**Goal of the exercise:** What follows is a set of records. Repeat every one of them exactly.
..............................
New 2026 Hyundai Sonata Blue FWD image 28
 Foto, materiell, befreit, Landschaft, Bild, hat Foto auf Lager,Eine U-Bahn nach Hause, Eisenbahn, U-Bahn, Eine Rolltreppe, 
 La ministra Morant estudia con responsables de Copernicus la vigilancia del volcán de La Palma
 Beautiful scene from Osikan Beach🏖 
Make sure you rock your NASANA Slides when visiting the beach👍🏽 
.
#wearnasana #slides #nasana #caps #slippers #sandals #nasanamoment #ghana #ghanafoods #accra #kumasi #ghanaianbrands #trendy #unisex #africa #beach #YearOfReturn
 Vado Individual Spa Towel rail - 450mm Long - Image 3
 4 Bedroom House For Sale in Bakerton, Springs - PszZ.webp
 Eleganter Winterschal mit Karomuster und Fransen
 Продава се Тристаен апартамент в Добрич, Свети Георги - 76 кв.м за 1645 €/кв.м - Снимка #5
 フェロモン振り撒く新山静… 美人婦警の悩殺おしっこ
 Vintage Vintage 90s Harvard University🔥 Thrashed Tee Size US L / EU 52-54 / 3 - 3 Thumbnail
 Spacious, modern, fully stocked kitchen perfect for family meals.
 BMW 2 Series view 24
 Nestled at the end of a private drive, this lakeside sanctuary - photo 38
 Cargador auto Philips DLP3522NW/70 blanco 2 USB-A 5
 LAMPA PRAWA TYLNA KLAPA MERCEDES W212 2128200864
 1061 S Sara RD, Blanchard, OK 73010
..............................
**Task answer:**
New 2026 Hyundai Sonata Blue FWD image 28
 Foto, materiell, befreit, Landschaft, Bild, hat Foto auf Lager,Eine U-Bahn nach Hause, Eisenbahn, U-Bahn, Eine Rolltreppe, 
 La ministra Morant estudia con responsables de Copernicus la vigilancia del volcán de La Palma
 Beautiful scene from Osikan Beach🏖 
Make sure you rock your NASANA Slides when visiting the beach👍🏽 
.
#wearnasana #slides #nasana #caps #slippers #sandals #nasanamoment #ghana #ghanafoods #accra #kumasi #ghanaianbrands #trendy #unisex #africa #beach #YearOfReturn
 Vado Individual Spa Towel rail - 450mm Long - Image 3
 4 Bedroom House For Sale in Bakerton, Springs - PszZ.webp
 Eleganter Winterschal mit Karomuster und Fransen
 Продава се Тристаен апартамент в Добрич, Свети Георги - 76 кв.м за 1645 €/кв.м - Снимка #5
 フェロモン振り撒く新山静… 美人婦警の悩殺おしっこ
 Vintage Vintage 90s Harvard University🔥 Thrashed Tee Size US L / EU 52-54 / 3 - 3 Thumbnail
 Spacious, modern, fully stocked kitchen perfect for family meals.
 BMW 2 Series view 24
 Nestled at the end of a private drive, this lakeside sanctuary - photo 38
 Cargador auto Philips DLP3522NW/70 blanco 2 USB-A 5
 LAMPA PRAWA TYLNA KLAPA MERCEDES W212 2128200864
 1061 S Sara RD, Blanchard, OK 73010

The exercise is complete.